# Looking to buy Phosphorus, to make Blue LED's white



## mds82 (May 4, 2011)

I know that White LED's are Blue Die's with a phosphorus coating. What i am looking to do is something custom and i am looking for the phosphorus needed to make the blue light white. 

I know that with the Philips 60w equivalent bulb, they are using Blue LED's and then the outside yellow part converts it to white light. I know its the whole idea behind the remote phosphorus and I'l looking to do something similar







does anyone have any suggestions on what type of phosphorus to use / where to get it, etc ?

Thanks in advance for the help


----------



## HarryN (May 4, 2011)

Intematix


----------



## Harold_B (May 4, 2011)

How many of what are you looking to make? There are several manufacturers of inorganic phosphors like those typically used in LEDs and in the remote phosphor bulbs like the Philips you show. There are also organic phosphors (dyes) that are mostly used for lasers and solar applications but are being used in LED neon bulb replacements. Most of the inorganic phosphor manufacturers will have spectral data available for the individual phosphors but not for blends. You are on your own there (it's a patent mine field). In other words, what color do want and if you want white how important is CRI?

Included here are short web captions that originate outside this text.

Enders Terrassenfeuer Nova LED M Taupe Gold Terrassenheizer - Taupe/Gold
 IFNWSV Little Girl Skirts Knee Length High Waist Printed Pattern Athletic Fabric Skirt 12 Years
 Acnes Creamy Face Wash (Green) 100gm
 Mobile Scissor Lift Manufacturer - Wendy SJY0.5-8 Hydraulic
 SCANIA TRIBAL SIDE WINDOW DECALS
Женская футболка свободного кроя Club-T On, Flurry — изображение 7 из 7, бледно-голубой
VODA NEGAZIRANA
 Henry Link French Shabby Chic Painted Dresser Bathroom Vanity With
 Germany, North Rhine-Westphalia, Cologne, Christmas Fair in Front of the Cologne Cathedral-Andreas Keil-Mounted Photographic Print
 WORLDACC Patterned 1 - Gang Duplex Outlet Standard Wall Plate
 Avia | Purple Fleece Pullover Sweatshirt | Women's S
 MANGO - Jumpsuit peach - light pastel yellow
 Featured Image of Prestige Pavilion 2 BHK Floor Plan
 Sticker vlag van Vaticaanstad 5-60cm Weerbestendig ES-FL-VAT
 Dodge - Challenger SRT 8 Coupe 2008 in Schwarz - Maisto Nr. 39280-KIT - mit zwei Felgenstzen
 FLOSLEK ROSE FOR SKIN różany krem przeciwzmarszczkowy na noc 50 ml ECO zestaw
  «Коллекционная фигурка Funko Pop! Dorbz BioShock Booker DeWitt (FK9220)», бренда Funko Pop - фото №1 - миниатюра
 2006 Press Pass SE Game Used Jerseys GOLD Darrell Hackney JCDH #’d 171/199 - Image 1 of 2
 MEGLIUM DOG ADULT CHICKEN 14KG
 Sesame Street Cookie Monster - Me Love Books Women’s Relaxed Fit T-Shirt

A few grams of phosphor can run a couple hundred dollars. Do a Google search for phosphors for SSL or LED and you'll find several manufacturers.


----------



## mds82 (May 4, 2011)

Well i'm not looking to make many, but I'm trying to make a ring that's about 4 inches in diameter and is only about 1/4inch thick or so. Its just an idea at this point but i was almost thinking if there was a paint that i could use that would probably be the best. For color i do not want a warm color, ideally like a 8000-9000k color.


----------



## Harold_B (May 4, 2011)

You have a few challenges to overcome there. I'm not aware of any paints that have phosphor suspended in them that fluoresce at anything other than UV (black light or glow in the dark paints) and they are not typically translucent or very efficient. Do you already have the blue LEDs? If so then that will point you in a direction as well. HarryN mentioned Intematix and they are just as good a place to start as any. You can find their entire catalog online. I would find a cheap YAG, mix it with some silicone and smear it between a couple of sheets of PMMA. If you are planning to sell these you will want to research the patents because there are a lot of them and the owners play nasty.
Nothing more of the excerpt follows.